Stored data:
+--
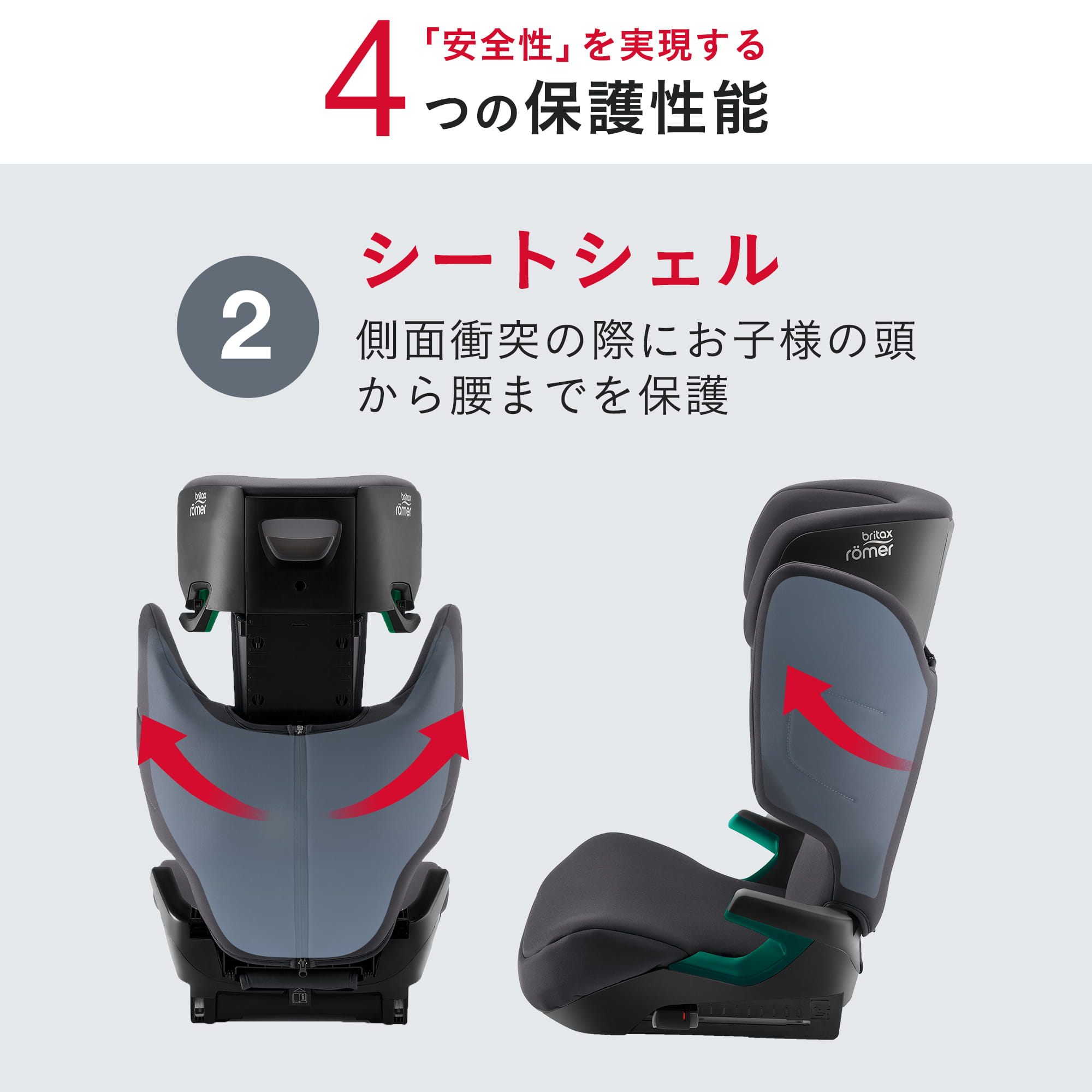 楽天市場】【公式】ブリタックス ディスカバリープラス2 DISCOVERY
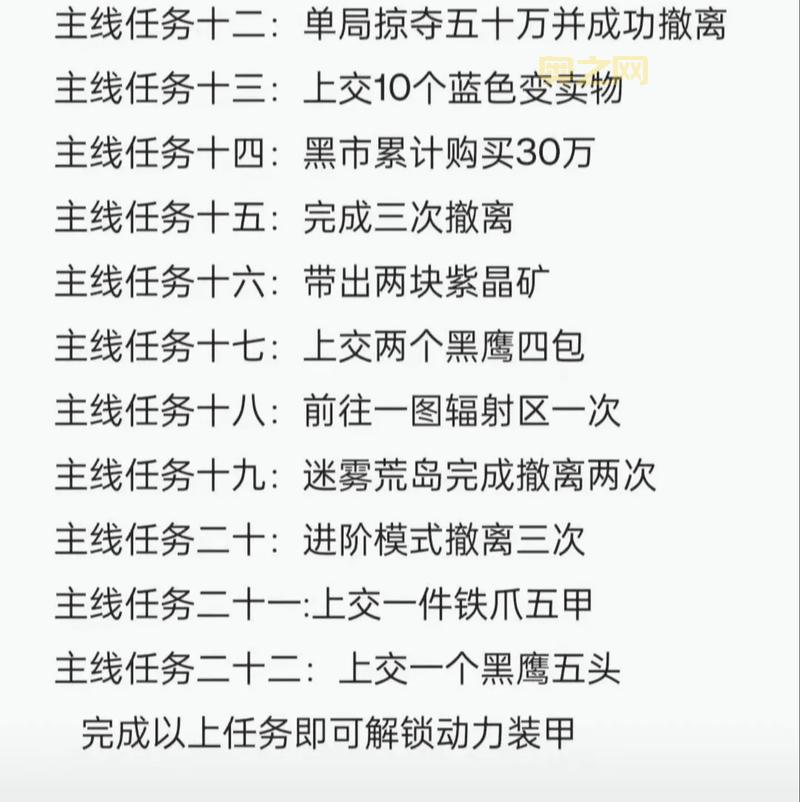 怎么起游戏任务名字才吸引人？分享几个实用的技巧！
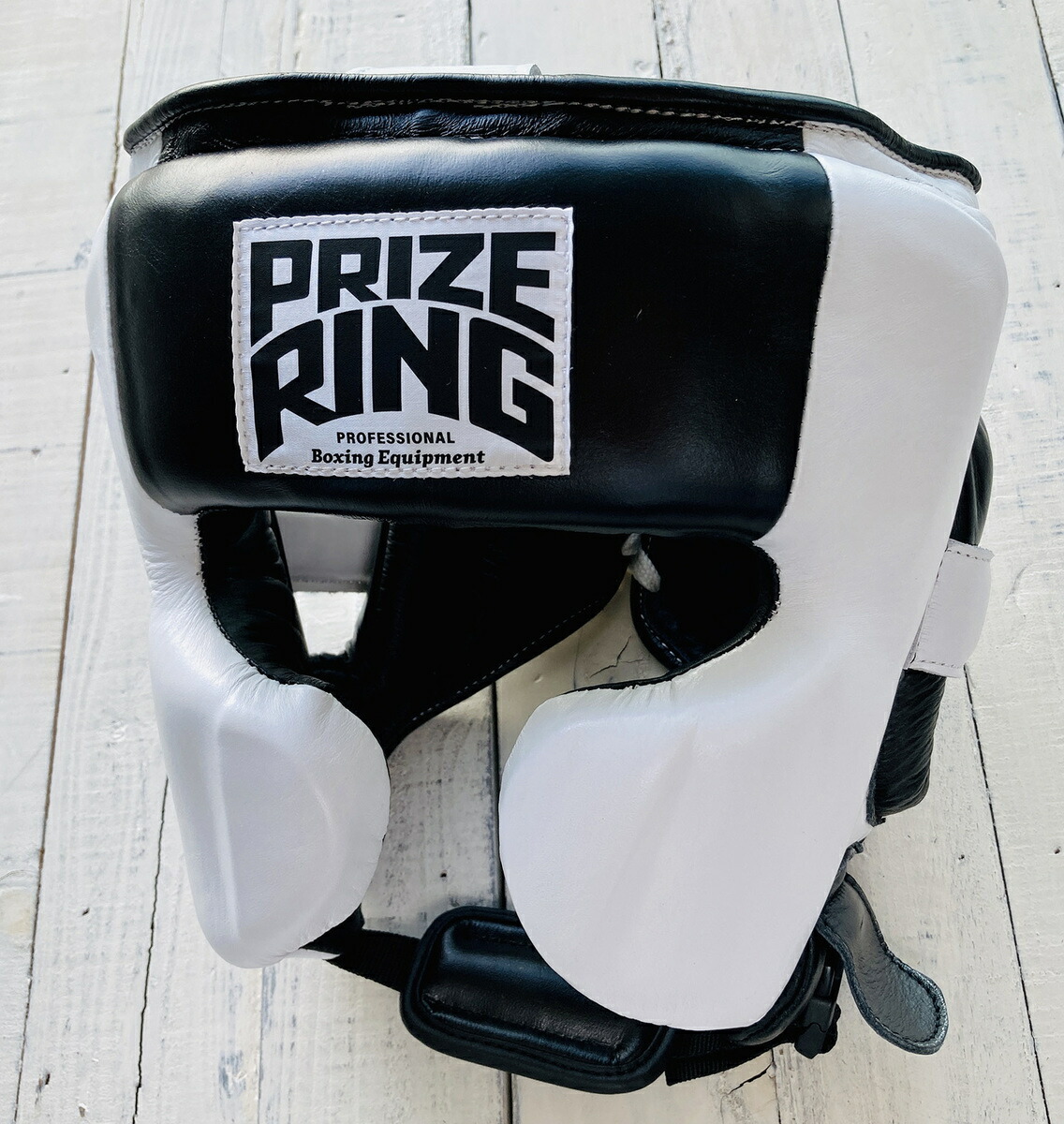 楽天市場】PRIZE RING/プライズリング 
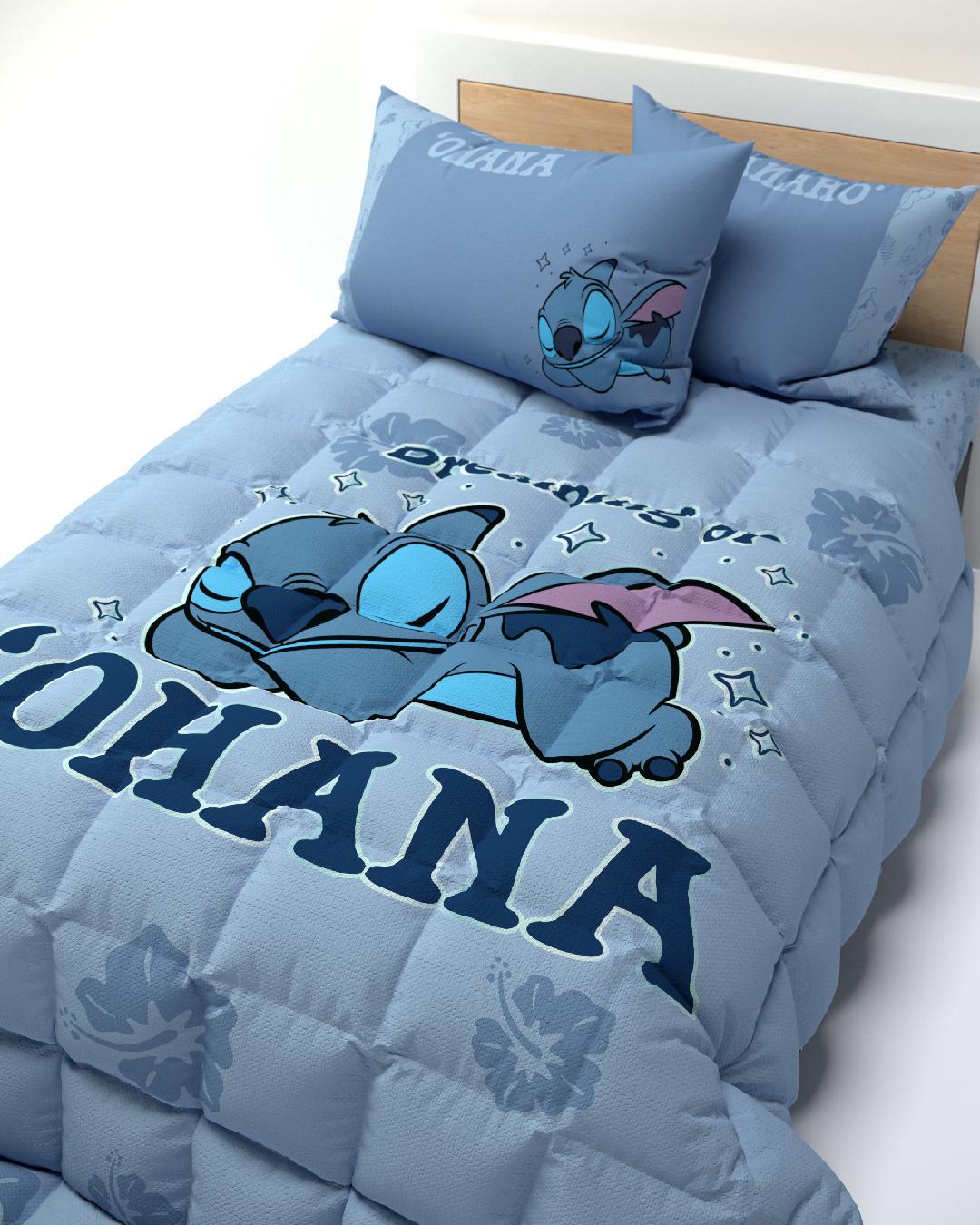 41037_5|6da442ad51a6854fb0abfa204adeeba1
+--
Reproduce all of the data exactly; the pictures do not belong in the copy.

 楽天市場】【公式】ブリタックス ディスカバリープラス2 DISCOVERY
 怎么起游戏任务名字才吸引人？分享几个实用的技巧！
 楽天市場】PRIZE RING/プライズリング 
 41037_5|6da442ad51a6854fb0abfa204adeeba1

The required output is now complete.